Similarly, Everest Brand Solutions president Dhunji Wadia says if one tries to create a campaign to go viral, there are a million ways to go wrong as there is no fixed formula or template for these videos. “You just have to click with the consumers, literally! Firstly, if it doesn’t impress me, how will it impress the world? One can get carried away with an idea, which does not make as much sense after production as much as it made on paper. Don’t hesitate to start fresh in such a case. Secondly, is the product/service forced into the communication? Sometimes there is a ‘disconnect’ between the product/service and the ad concept. If the two are not inter-twined, the product will be left hanging after a great concept.  It will hardly be noticed. Try to find a common ground between the two.”



Highlighting mistakes marketers/advertisers tend to make, Sudevan adds: “Low budget for a promotion to be launched ‘asap’ plus maximum output demanded (for example say 1 million likes) and hence resorting to social media leads to bad ideas and bad execution, considering the time the agency gets to churn this out in that shoe-string budget. Also, no research of the ecosphere of social media or what or how much a campaign should cost or the time it should get competed within leads to selection of bad ideas presented by some smart agency.”



With or without social media

All said, the social media universe is swelling and no advertiser or marketer can afford to ignore it. Besides, with the dipping rupee and dwindling economy, conventional Indian media is facing the heat, rendering social media the smartest option in the current scenario. 

   

Says Kakar: “What makes social media unique is the fact that brands can, for the first time, have a conversation directly with consumers. This is a huge paradigm shift of sorts, which is already testing our collective skills as an industry. Also, for the first time, we can gauge accurate responses through analytics and tools, engage with a select audience, should the need arise, and alter content according to responses. Social media is also a great platform to engage opinion leaders or 'feeders', who help promote content onto blogs, twitter, facebook and other platforms for a multiplier effect, generating free PR, which would have otherwise cost an arm and a leg for an advertiser.”



Watch the video: AIB seeks an answer to whose fault is it anyway?

FoxyMoron co-founder and director - new business and innovations Pratik Gupta seconds Kakar saying: “A lot of brands want to reach out to their audience and it might be as simple as uploading a TVC on YouTube. One must remember that a TVC is watched by the entire family, out of which, not all could be the target audience wherein the people who will click on social media are the correct viewers.”



Gupta gives the example of the campaign Baby Lips Kiss Song featuring Alia Bhatt that FoxyMoron recently did for Maybelline. He says there are many brands that are utilizing the platform to the fullest to reach their TG.  He also talks about the YouTube channel Q-tiyapa by TheViralFeverVideos saying they are doing everything right to strike a chord with the youth.



And what do advertisers have to say about digital platforms? “Advertising is a 360-degree experience.
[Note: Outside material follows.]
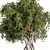 Sourwood Tree Set 167 3D model small image 2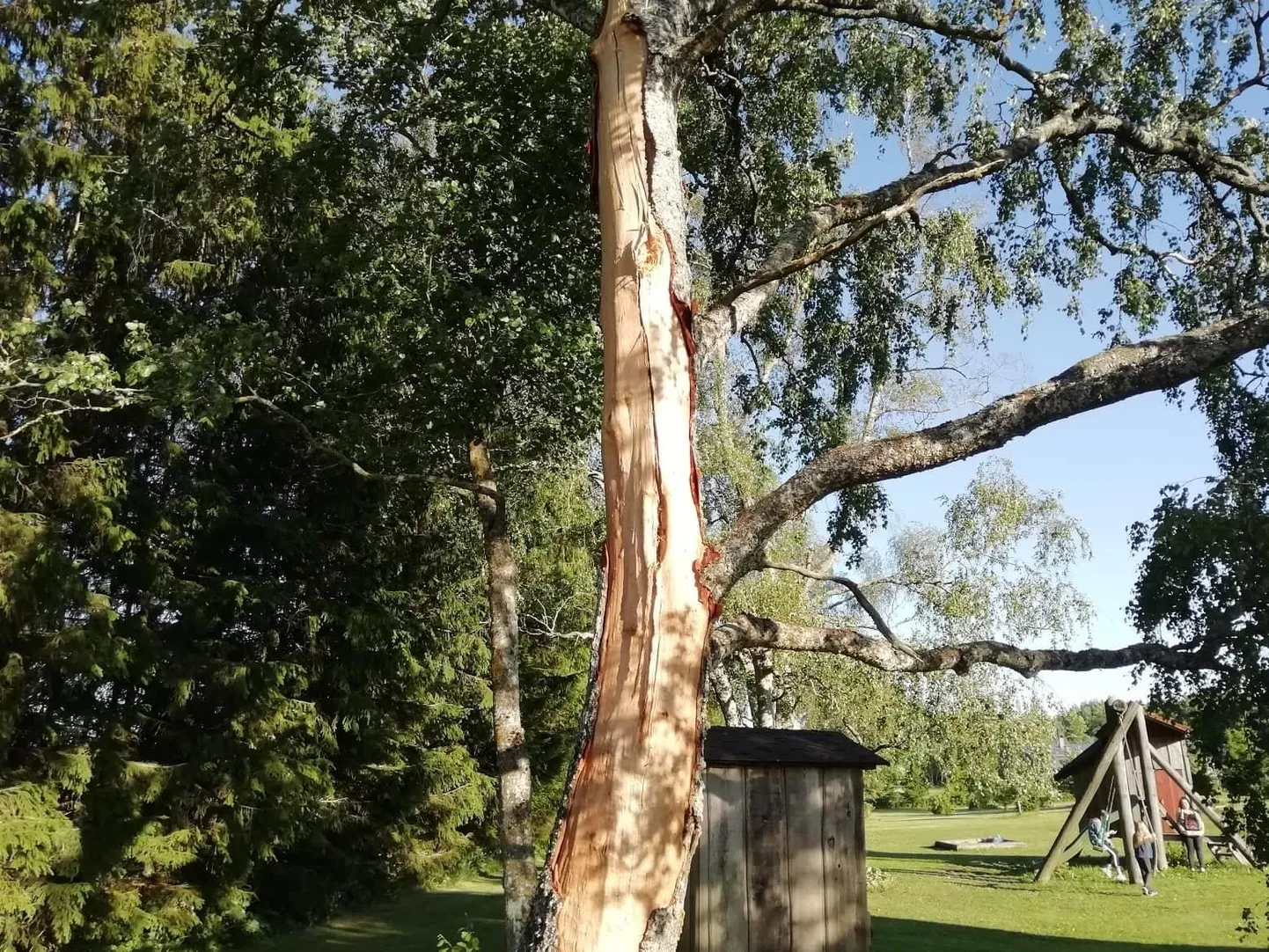 Välgutabamuse saanud kask heitis küll maha suurema osa koorest, kuid on endiselt elujõus.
That’s when a user feels the brand in totality and since every medium has its own plus points, it’s best to design any campaign keeping in mind the purpose of the campaign,” say advertisers.



Then again, there are the naysayers who feel digital media and by extension, social media is still not a mass channel of outreach in India. Statistics for internet usage vary between 70-140 million and those for social media are a subset of this. So, it’s unlikely to be the medium of choice for all brands for all seasons. At best, digital/social media may be the medium of choice for a younger, urban-centric demographic concentrated in major metros and towns across the country.



Whatever be the case, one thing is clear that with the medium encouraging conversations on various social platforms, the movement of content from ‘airing’ to ‘sharing’ can catalyze the internet audience to great effect.